I do not know your housing situation, or how you keep Hootie in a cage or aviary when he is not roaming the house, but if your pet is kept in a cage, it should be large enought that he can spread his wings, flap them or stretch his legs and wing if need be. 

If you are concerned about the babies and the small space you have, it may not be in your, or Hooties best interest to get a female and allow them to reproduce.That might be stressful for you on down the road. Just my thoughts.


----------



## TAWhatley (Mar 6, 2001)

Well, two pigeons don't take much more room or effort than one pigeon. There are loads of pigeons needing homes all across the country. If you would be willing to take in a rescued/homeless female for Hootie, then about all you would need to do is replace any real eggs that might show up with fake ones and let Hootie and his new friend just carry on as a pigeon pair. You =do= have to handle the egg situation, though, or you will soon be overwhelmed with pigeons ..

JMO ..

Terry


----------



## Hootie'sMom (Sep 21, 2005)

Thanks for the response. Hootie spends pretty much all day with us. I work out of the house and he gets free reign. I have exausted lots of effort trying to keep this guy happy(I love him) but the older he gets the more distant he is. His cage is 5x3x3 approx whichis good for him and he only goes there at night. I have tried barley in his food to control hormones and even a stuffed white pigeon. All to no avail. I have been contomplating adoption but I am worried. Oh fret fret


----------



## Hootie'sMom (Sep 21, 2005)

what do you do with the real eggs?


----------



## Victor (Dec 18, 2004)

Ho again Hootie's mom~

Terry made a very good point about replacing the eggs with fake ones. You are home most of the day with Hootie, so something else may be troubleing him.
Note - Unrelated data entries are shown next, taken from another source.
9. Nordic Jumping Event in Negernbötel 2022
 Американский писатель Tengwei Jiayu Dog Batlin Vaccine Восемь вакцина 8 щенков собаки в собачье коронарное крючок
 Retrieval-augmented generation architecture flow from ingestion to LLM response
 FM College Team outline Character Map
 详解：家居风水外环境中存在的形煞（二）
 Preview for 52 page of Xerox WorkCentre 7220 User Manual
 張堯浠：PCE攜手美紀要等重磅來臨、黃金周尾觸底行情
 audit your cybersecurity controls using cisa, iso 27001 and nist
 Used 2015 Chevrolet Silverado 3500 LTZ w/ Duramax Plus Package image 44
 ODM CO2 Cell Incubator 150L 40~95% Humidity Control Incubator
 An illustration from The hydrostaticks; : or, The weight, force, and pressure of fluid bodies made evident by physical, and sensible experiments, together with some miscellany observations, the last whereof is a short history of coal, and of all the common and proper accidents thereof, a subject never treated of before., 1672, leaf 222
Adoption may be the route to go. I have three unreleasable adoptees from other members here at pigeon life and a feral rescue. Maybe you can check out the adoption or sale section?


----------



## TAWhatley (Mar 6, 2001)

Hootie'sMom said:


> what do you do with the real eggs?


You hard boil them and put them back in the nest or you remove them and replace them with fake eggs .. it's easy .. and it works .. happy pigeons but no babies.

Terry


----------



## feralpigeon (Feb 14, 2005)

Yup, the pijies are happy just to see the eggs and sit on them. You'd also be helping to avoid stressing the hen out w/too much calcium depletion by simply removing them without a replacement. If you do that, they'll just make more sooner. The pigeon supply houses ( there's a sticky w/links to them in the resource section) sell plastic ones and wood ones, I prefer the wood ones because of the weight. You could get creative and fill the plastic ones however. Hope you get Hootie a mate, it's such an inherent drive for them.

fp


----------



## Skyeking (Jan 17, 2003)

If Hootie has had a physical and fecal and he is fine.....then I have to agree that Hootie is just plain lonely for some pigeon company. Pigeons do flock together and are basically social creatures that need each other. Though the need to populate the world is strong we all have found ways around it that satisfy our needs as well as the birds.


----------



## sirpigeon (Jan 25, 2002)

Hi Hooties Mom,

Where are you located? I'm sure there must be someone on this site that lives in your area that would love to find a good home for one of their rescue birds. I'm in Ohio.
Jeff (aka sirpigeon)


----------



## Symbro (Oct 28, 2005)

if you are close enough to me... i will have an extra baby soon... i would be happy to let hootie enjoy their company... but i wouldnt be able to tell for sure the sex... i do have some older birds that i will have to get rid of... but they are not tame. (you can tame the babies with no problem, adults are more difficult but possible)


----------



## Hootie'sMom (Sep 21, 2005)

*Thanks everybody*

Fake eggs huh? Will they sit on them forever? I live in Tampa, FL and would like to get Hootie a lady. I thought for a long time and dont want to get rid of him. The thought of taking the eggs kind of wierded me out, but if everybody does it and there pigeons dont hate them I guess I can too.(maybe I'm a little excentric with my animals...maybe I think I should get a baby or another pigeon who is socalized with people so the trauma of a new home is less.


----------



## Reti (Jul 20, 2003)

It is better to get a pij the opposite sex of Hootie. Chances that they will bond and get along are greater.
If you adopt a baby you won't know what sex s/he is and if it turns out to be a male they might not get along.
I have an eight week old baby right now who was hand raised by a couple, not sure if male of female yet, but it is one of the tamest pijies I've ever had. He just loves sitting on our shoulders and watch TV or sleep. He has a big bald spot on top of his head, not sure why yet. He will be up for adoption soon after I have him/her checked out and figure out if f or m.
Let me know if you are interested.

Reti


----------



## Hootie'sMom (Sep 21, 2005)

That sounds great! If it is a female I would be intrested. I agree that my Hoot would prefer a lady bird. He is just 1 year old himself so another youngster would be good too. My little guy is quite mischevious as well so maybe a cool character would rub off a little I am going to post some pics of Hootie and the living quarters tonight so everybody can see whats up.


----------



## Reti (Jul 20, 2003)

Hi Hootie's mom,

well in about a month I will have an idea if Big John (named after the big bald character in Robin Hood) is boy or girl and if no other needy pij comes your way until then we make arangements to get her to you.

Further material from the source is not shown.